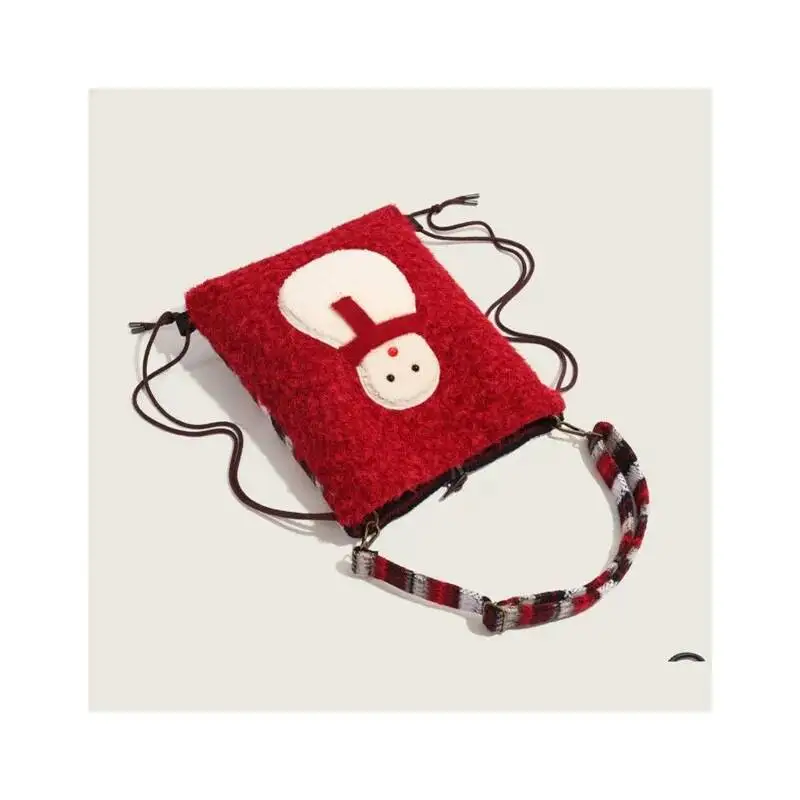 Bloom Snowman Red Plush Mini Backpack Women Retro Soft Casual Shoulder Crossbody Bags Ladies 2024 Handbag Purse Christmas Gift
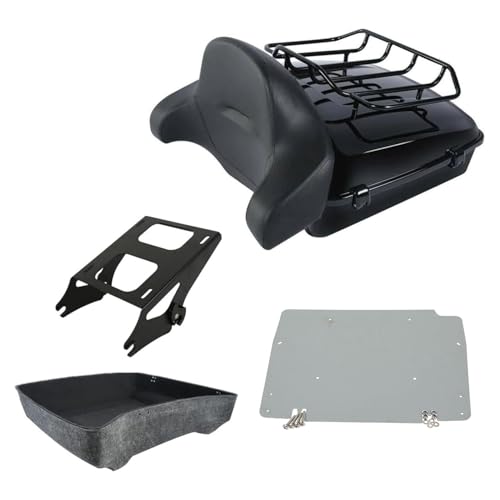 Gloss Black Chopped Tour Luggage Pack Trunk Backrest & Top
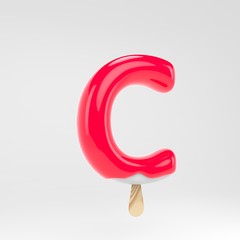 Ice cream letter C uppercase. Pink popsicle alphabet. 3d rendered dessert lettering isolated on white background.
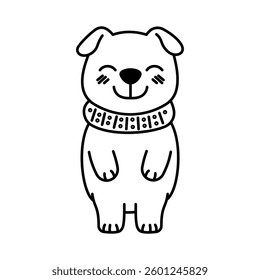 Cute Happy Puppy Little Dog Pet Animal Cartoon Character Wearing Scarf in Line Art Style
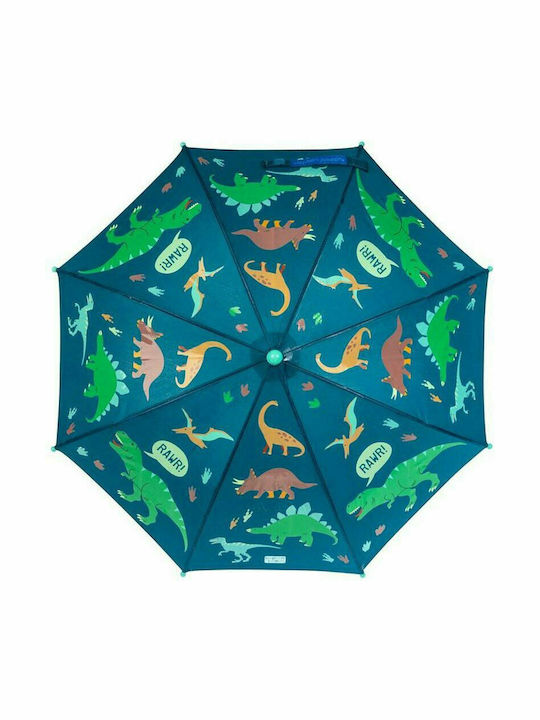 Stephen Joseph Kids Curved Handle Umbrella Dinosaur with Diameter 69cm Blue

· · ·

§ What you will do
Reproduce the material above in full and without alteration, but skip all pictures.

§ Response below
 Bloom Snowman Red Plush Mini Backpack Women Retro Soft Casual Shoulder Crossbody Bags Ladies 2024 Handbag Purse Christmas Gift
 Gloss Black Chopped Tour Luggage Pack Trunk Backrest & Top
 Ice cream letter C uppercase. Pink popsicle alphabet. 3d rendered dessert lettering isolated on white background.
 Cute Happy Puppy Little Dog Pet Animal Cartoon Character Wearing Scarf in Line Art Style
 Stephen Joseph Kids Curved Handle Umbrella Dinosaur with Diameter 69cm Blue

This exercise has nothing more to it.